Les souvenirs que j'ai de mes deux passages au Kirghizistan ne sont pas impérissables pour la nourriture. Difficile pour un estomac européen de supporter sans rien dire la nourriture locale, sauf les fruits que l'on peut trouver chez des camelots de bords de route. La vodka est très appréciée. Mais mon expérience en Ouzbékistan et au Kirghizistan me rappelle qu'il vaut mieux ne plus pédaler après 16h-17h, les dépassements et croisements sur routes et pistes se faisant alors parfois de façon un peu tortueuses ! Mieux vaut être alors un peu à l'écart des voies de circulation.

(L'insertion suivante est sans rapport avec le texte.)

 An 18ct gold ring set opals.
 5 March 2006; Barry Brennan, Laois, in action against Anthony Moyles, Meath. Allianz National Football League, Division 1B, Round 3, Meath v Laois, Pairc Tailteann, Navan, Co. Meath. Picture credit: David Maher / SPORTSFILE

Mon itinéraire prévu n'étant pas très urbain, j'emporte quelques sachets de lyophilisés, de soupes en poudre, des barres énergétiques ... de quoi caler un peu l'estomac au cas où ... avec moultes doses de café solubles, le réchaud MSR à essence (un peu de fumée noire !), la gamelle en titane, une petite bouteille isotherme ...

Mercredi 17 août 2022

9h30 Enregistrement terminé. Le vélo et les sacoches sont en soute jusqu'à Bishkek. Premier avion Lyon - Istanbul. La compagnie Turkish Airlines semble encore au top de l'organisation. Briefing avec superviseur pour les quatre préposées à l'enregistrement, vérification des bagages en soute et en cabine, passage sûreté rapide. Le bipède est masqué et s'est passé du gel sur les mains : consigne impérieuse de Laure et de Thomas qui m'ont bombardé de questions hier pour s'assurer que je n'oubliais rien.

Je dois avoir une tête bizarre : très souvent et aujourd'hui aussi, on me sollicite pour un renseignement comme si j'étais un employé d'aéroport. Un portugais puis un africain m'ont demandé la porte d'embarquement et l'heure de leur avion. Pité au pied du tableau général, la réponse a été facile. 

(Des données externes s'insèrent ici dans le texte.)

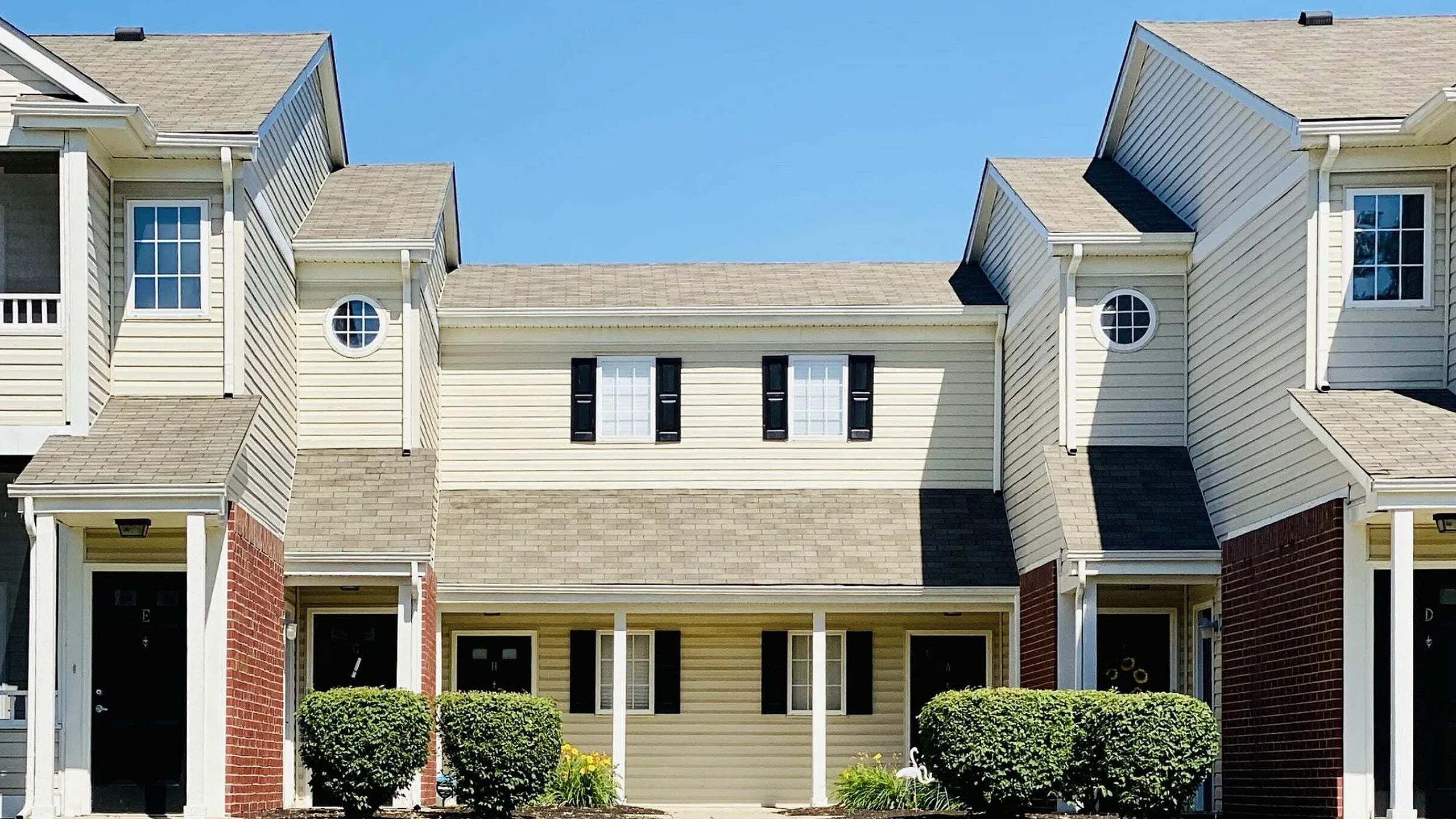 Charming townhouse facade showcasing modern architecture with clean lines and inviting entryways, surrounded by well-maintained landscaping.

Un congolais était assis à côté de moi dans l'Airbus 321 neo qui m'a mené à Istanbul. Grand, costaud, débordant de son siège, la conversation s'engage sur l'Afrique de l'Est, le Congo notamment. Terres rares, Rwandais au Kivu, Katanga, Chine … jusqu'au moment où tout d'un coup un pressant besoin déclenche un subit "les toilettes" ! Mais, problème on est en phase d'atterrissage et l'hôtesse lui impose de se rasseoir. J'essaie de lui parler de choses et d'autres pour éviter l'inondation à mes pieds ! Rien n'y fait. Il me dit : "tu va voir, j'y vais, je vais leur pisser dessus". Et je le vois débouler vers l'arrière en remontant la pente du couloir (l'avion descend !). Le congolais finit par disparaître et réapparaît soulagé à l'arrêt de l'avion… 

Jeudi 18 août 2022

21h Istanbul, l’Airbus A321 neo decolle: Impressionnante traversée de la mer Noire. Le soleil couchant illumine merveilleusement tout le théatre des opérations en mer Noire et en mer d’Azof. On imagine les terribles drames qui se sont deroulés ou se déroulent à Odessa, à Mykolaiv, à Kherson, à Melitopol, à Marioupol … Terrible dissonance entre la surpenante lumière du soir et le quotidien ukrainien …Puis c’est la mer Caspienne, la mer d’Aral et ce qu’il en reste … Assis confortablement dans nos fauteuils, on se sent vraiment privilégiés. 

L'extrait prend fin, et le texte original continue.